Not long ago, they began commuter train service from downtown to the northern outskirts, a place called Cuautitlán Izcallí that is actually situated in Mexico State but considered part of the urban sprawl of Mexico City. Although it's a ride of only a little more than twenty miles, traffic tends to be so bad that it can easily take you two hours or more to get there or back in a car. I had only been to Cuautitlán once, a few years ago, and the ride home in a taxi was so excruciatingly slow it was heartbreaking.

The downtown port is what used to be the Buenavista train station, where people took long-distance passenger trains. It had been defunct for close to twenty years. Mexico still has a lot of cargo rail service but no longer takes passengers anywhere, except for the privately run trains that go to the Copper Canyon in Chihuahua and from Guadalajara to the tequila factories.

The new service has definitely been built for people who live in Mexico State but work in Mexico City.
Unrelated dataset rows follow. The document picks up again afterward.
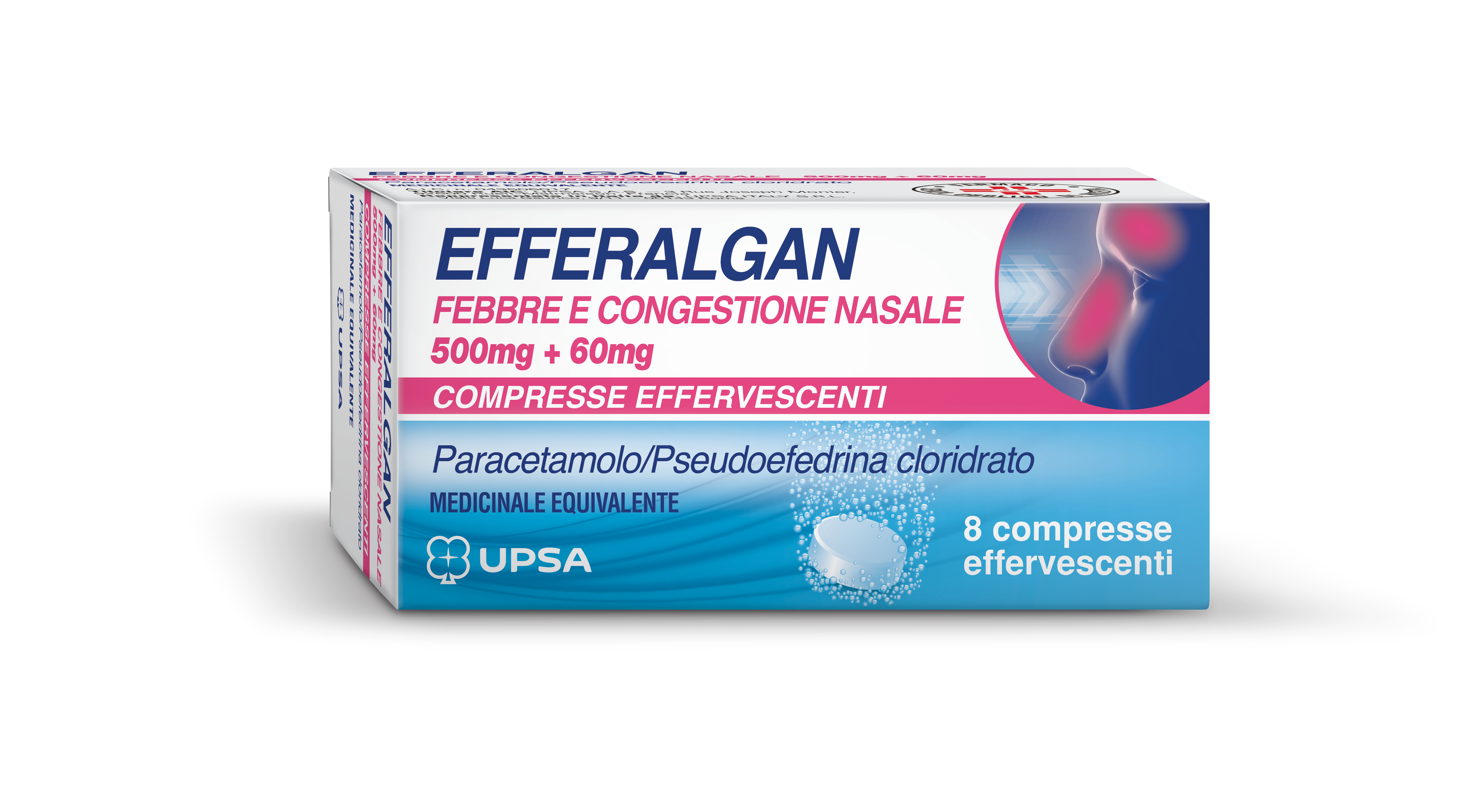 EFFERALGAN FEBBRE E CONG*8CPR - farmacia187.it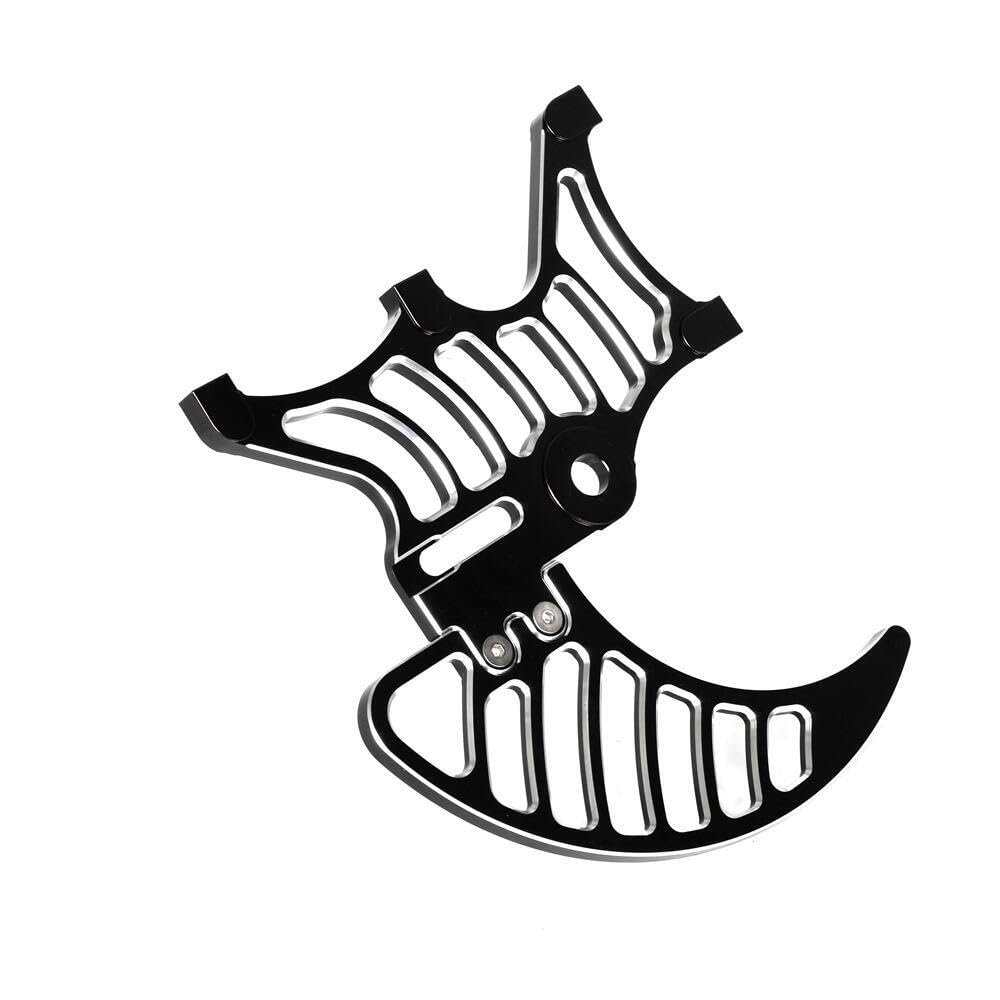 Rear Brake Disc Sprocket Caliper Guard Black F110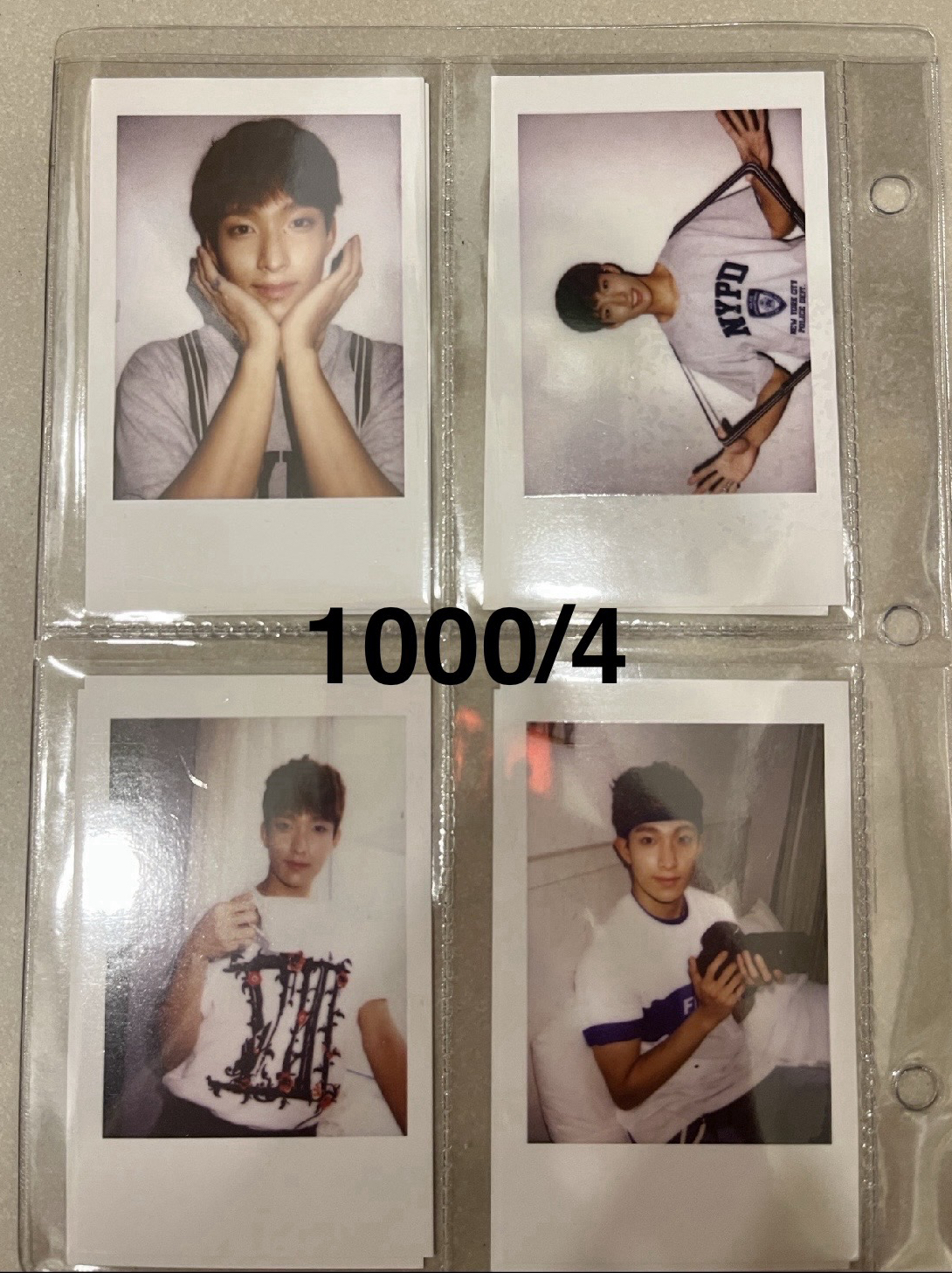 15演唱會拍立得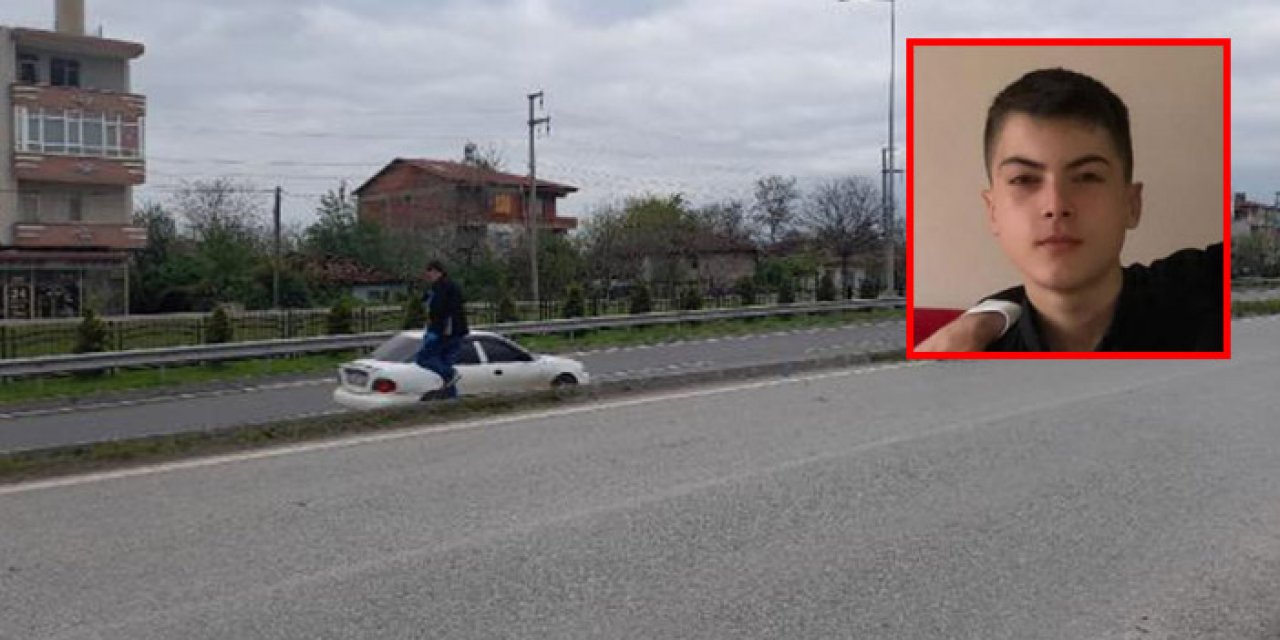 Yolun karşısına geçerken otomobil çarptı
At the downtown station there are several machines like the one above, which buff your shoes free of charge.

The train is something of a phenomenon. I wonder how many like it there are in the developing world. It's sleek, comfortably functional (there are few seats, but lots of room for standees, and even compartments to store packages overhead). Above all it's fast (I made it through the seven stops to Cuautitlán in a half hour) and cheap (from one end of the line to the other, service costs a mere thirteen pesos).

Yet the message the vehicle conveys (comfort, function, speed, sleek design) has little to do with the riders it transports. Out of the windows you see the misery that is Mexico State, the extended shantytowns on the hills, the corrugated tin roofs, the cinder blocks, the plastic sheets in place of windows, the steam billowing from a factory smokestack.

I had hoped to have a coffee in Cuautitlán when I got out at the other end, but there wasn't any to be had. Just more tin-roof shacks, empty lots covered in weeds, the railroad tracks. I got back on the train and returned, once again reflecting on the vast differences between my life and those of so many others in the city.